The press operates as it does. I have no doubt that competent editors will pay investigators good money to dig for dirt on politicians, especially those who go on crusades claiming the moral high ground. One does not need to speculate on where such stories originate from, they will be found anyway.

Only the most paranoid of conspiracy theorists would envisage malicious collusion going on between politicians, civil servants and the media. Why, it might even be suggested that Mr Danczuk’s prediction (quoted above) that Jeremy Corbyn’s election would immediately result in a revolt by members of the Parliamentary Labour Party, might have been coaxed from him by the Conservative-leaning Telegraph in some way to influence the outcome?

Heaven forbid.

 

 

A weapon of mass destruction

“He used WMD on his own people”

My problem with WMD was then, and is now, to get a handle on what on earth Blair meant by ‘Weapons of Mass Destruction’? It sounded terrifying, but it was never given any substance; not was it ever explained how it posed a threat to the West: it was merely what the master of the thriller genre, Alfred Hitchcock called ‘the McGuffin’ – a distracting plot device on which everything turns.

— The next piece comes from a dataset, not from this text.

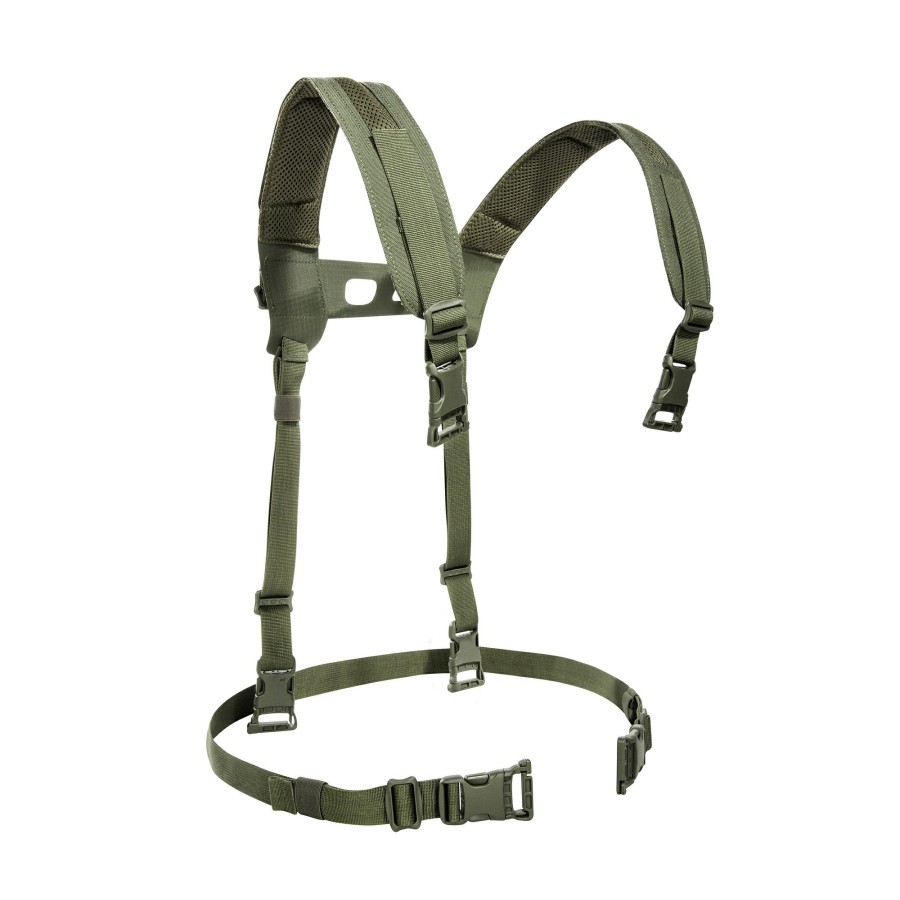 Tactical Equipment Tasmanian Tiger | Tt Harness Set Light Carrier Set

What ‘WMD’ might have boiled down to if Blair had ever sought to explain it is that, prior to the first Gulf War, Saddam was on his way to acquiring a nuclear bomb from Pakistan – not to building one himself, but every bit as lethal, possibly, if he had any means to deliver it.

The focus of Blair’s claims was on chemical weapons, although as we have seen in Syria they have very limited effect; and would in any case have been almost impossible to deploy outside Iraq. The idea of ‘WMD’ was surely to reinforce Bush’s wholly erroneous and deceitful claim that Iraq had a hand in 9/11, and to terrify the people of America and Europe into supporting him. In the event, Saddam was persuaded to drop the bomb (yes, jokes already) and concentrate on other things. But would he ever have used the bomb on the streets of London or New York? Of course not.

Why Saddam needed a bomb was because Iran was developing one of their own. The great forgotten, the absolutely enormous ‘elephant in the tent’ in all of this sorry tale, is the Iran-Iraq war (1980-88).

Over a million people were killed in the war, which started when Saddam, alarmed by the Shi’ite revolution in Tehran, used various long-running territorial disputes in the border region to launch an offensive against his larger neighbour. The assault was easily repelled by the Iranians, and (rather like the First World War on the Somme) thereafter became bogged down in a grinding, attritional conflict between conscript armies, in which we start to hear about the role of freelance Shi-ite militias such as the Muhajideen, and the various Kurdish parties in the region.

From the Wikipedia entry:  (https://en.wikipedia.org/wiki/Iran%E2%80%93Iraq_War) :

The conflict has been compared to World War 1 in terms of the tactics used, including large-scale trench warfare with … manned machine-gun posts, bayonet charges, human-wave attacks … and extensive use of chemical weapons such as sulfur mustard by the Iraqi government against Iranian troops, civilians, and Kurds.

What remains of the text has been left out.